BRIEF: Extract the opening line of the entries and every line after it, stopping at and including the line that contains "Used 2011 Ford". Do not include pictures.
= Beginning of Section =
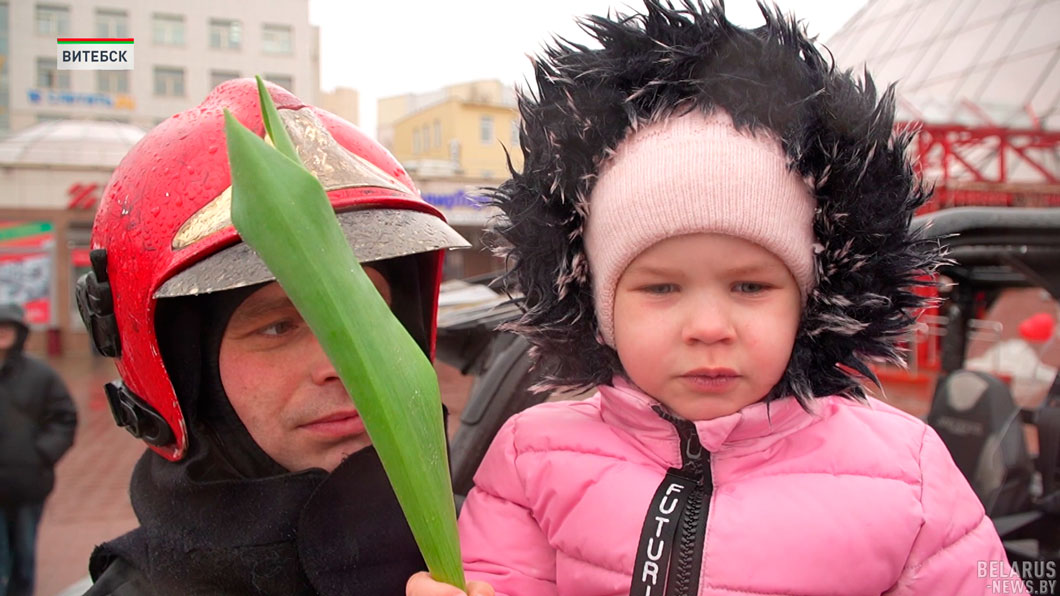 Сотрудники МЧС поздравили девушек Витебска с наступающим Международным женским днём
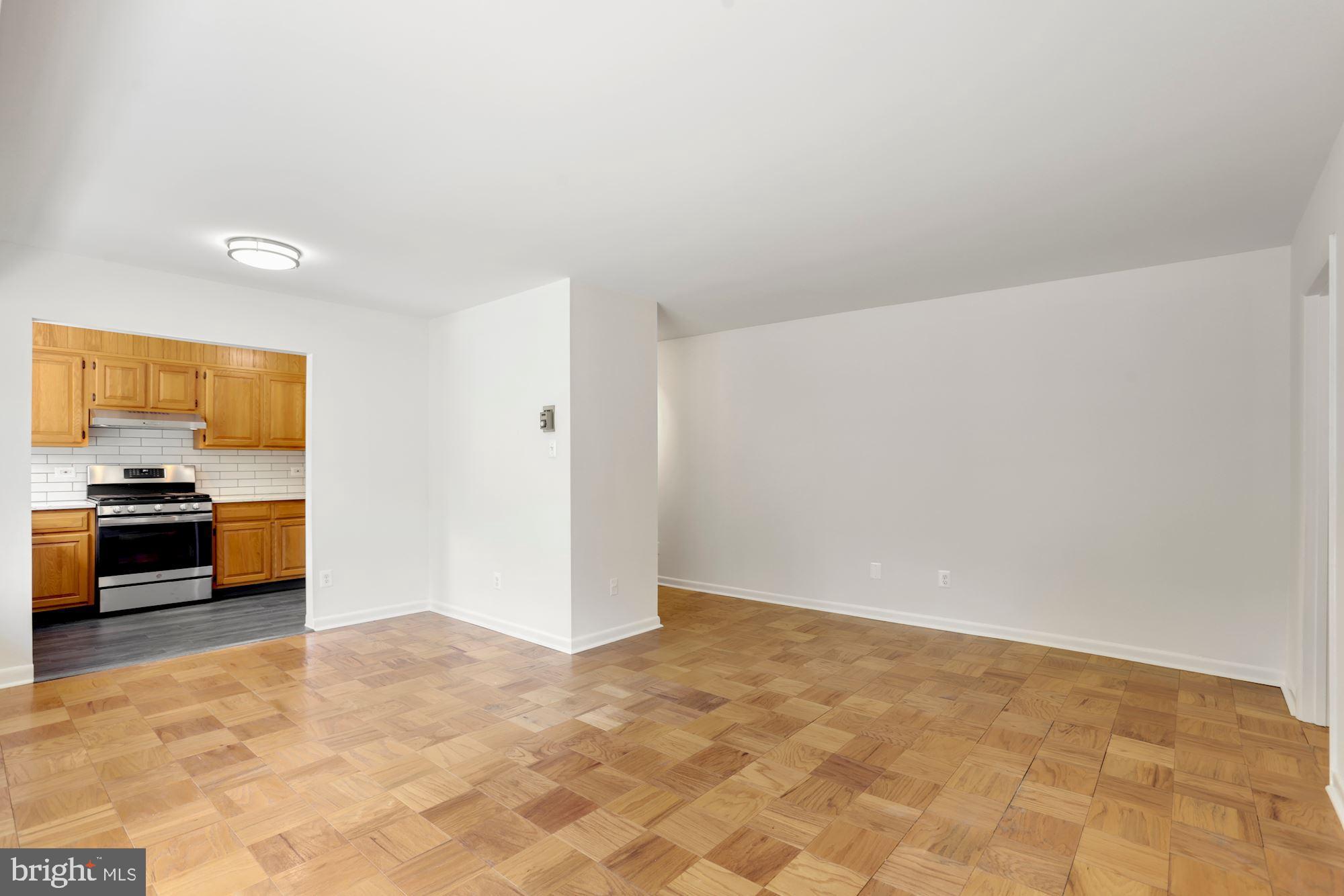 PARKSIDE CONDOMINIUMS - Residential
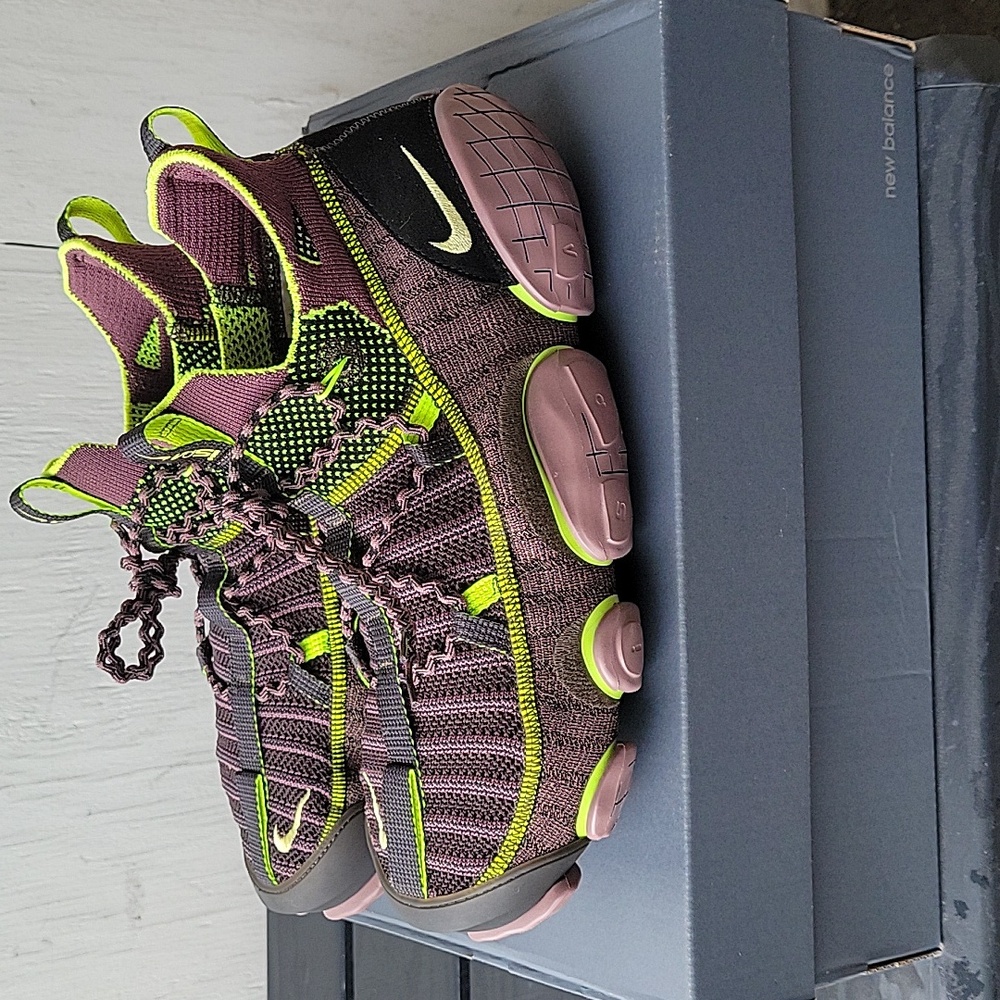 Nike Ispa volt green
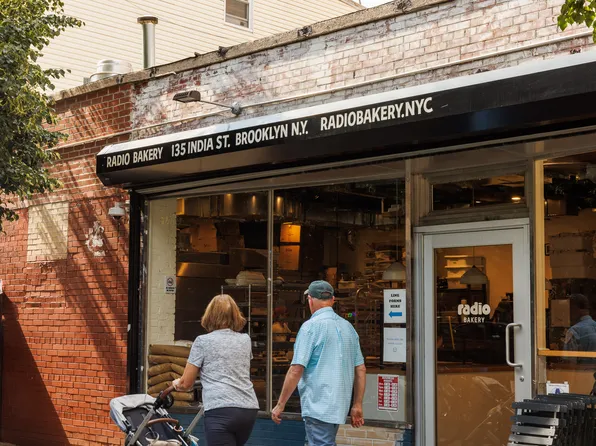 75 Dupont Street image 27 of 31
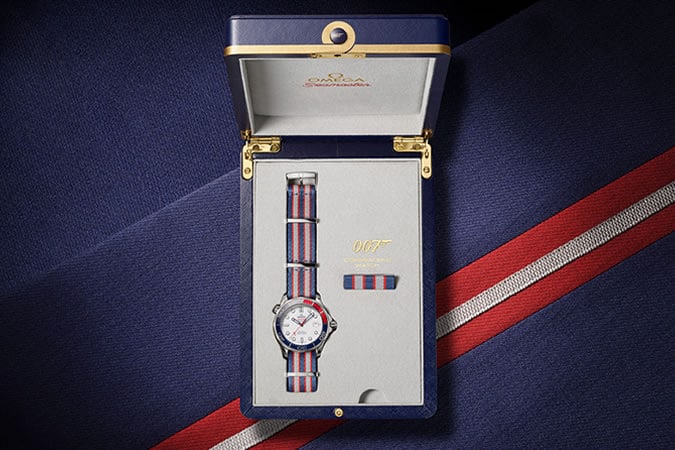 Omega ra mắt đồng hồ james bond phiên bản giới hạn mới 7 Hộp trình bày đồng hồ của chỉ huy omega seamaster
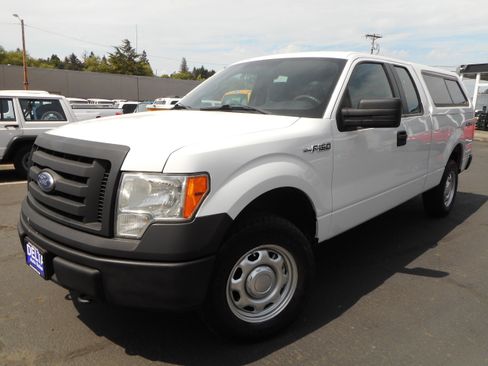 Used 2011 Ford F150 XL w/ PWR Equipment Group AWD/4WD image 3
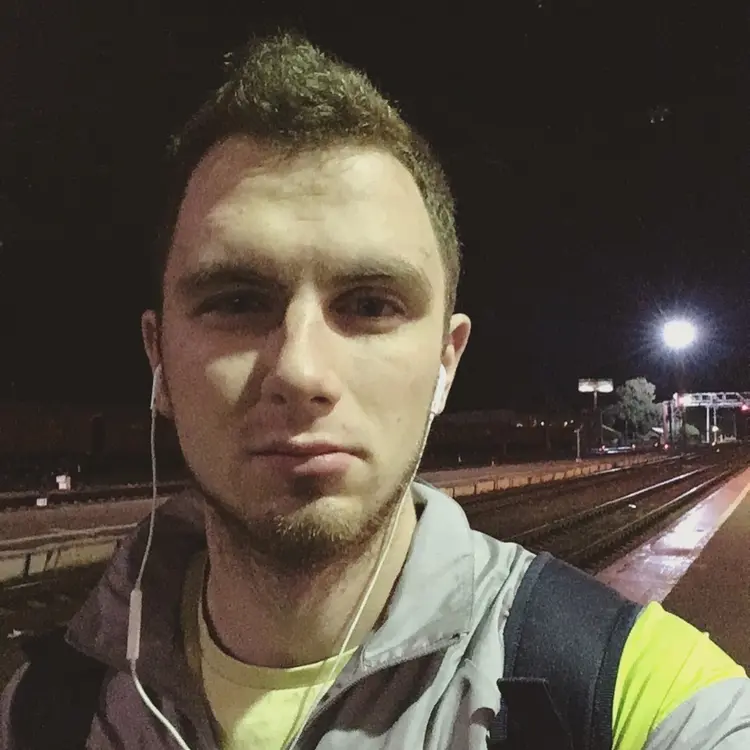 Iakov из Ярославля, ищу на сайте секс на одну ночь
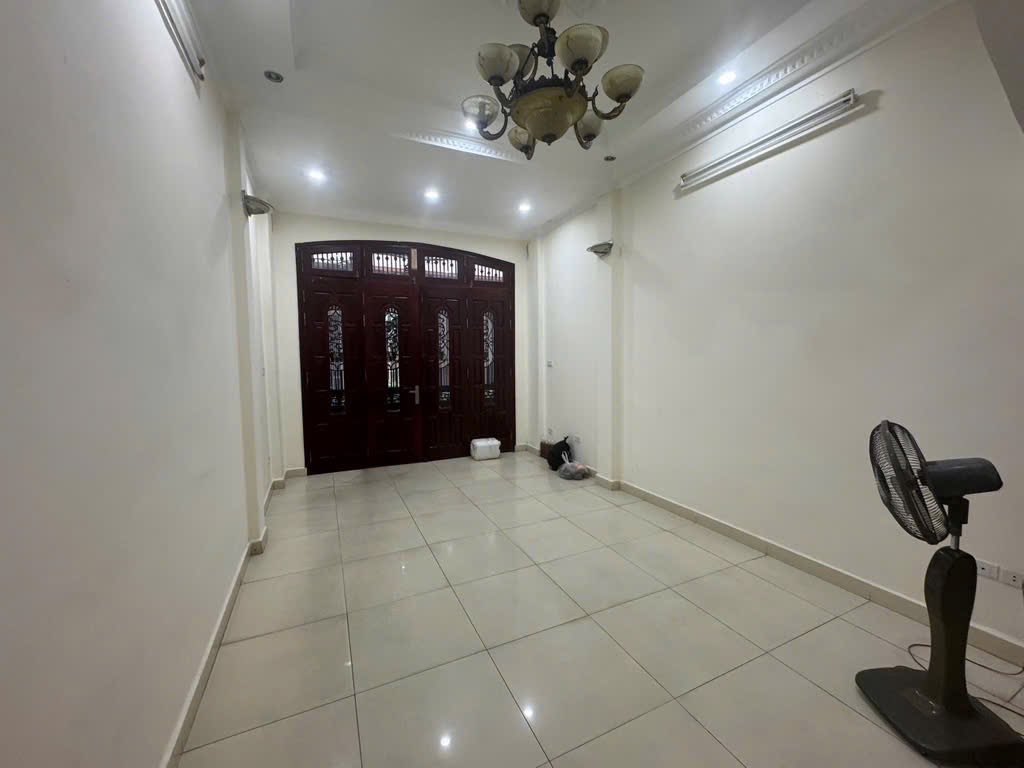 Siêu phẩm Nguyễn Chí Thanh 39m2, 4PN, mặt tiền 3,7m, ngõ thông ô bàn cờ oto tránh cực hot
= End of Section =
RESPONSE TO THE EXERCISE:
 Сотрудники МЧС поздравили девушек Витебска с наступающим Международным женским днём
 PARKSIDE CONDOMINIUMS - Residential
 Nike Ispa volt green
 75 Dupont Street image 27 of 31
 Omega ra mắt đồng hồ james bond phiên bản giới hạn mới 7 Hộp trình bày đồng hồ của chỉ huy omega seamaster
 Used 2011 Ford F150 XL w/ PWR Equipment Group AWD/4WD image 3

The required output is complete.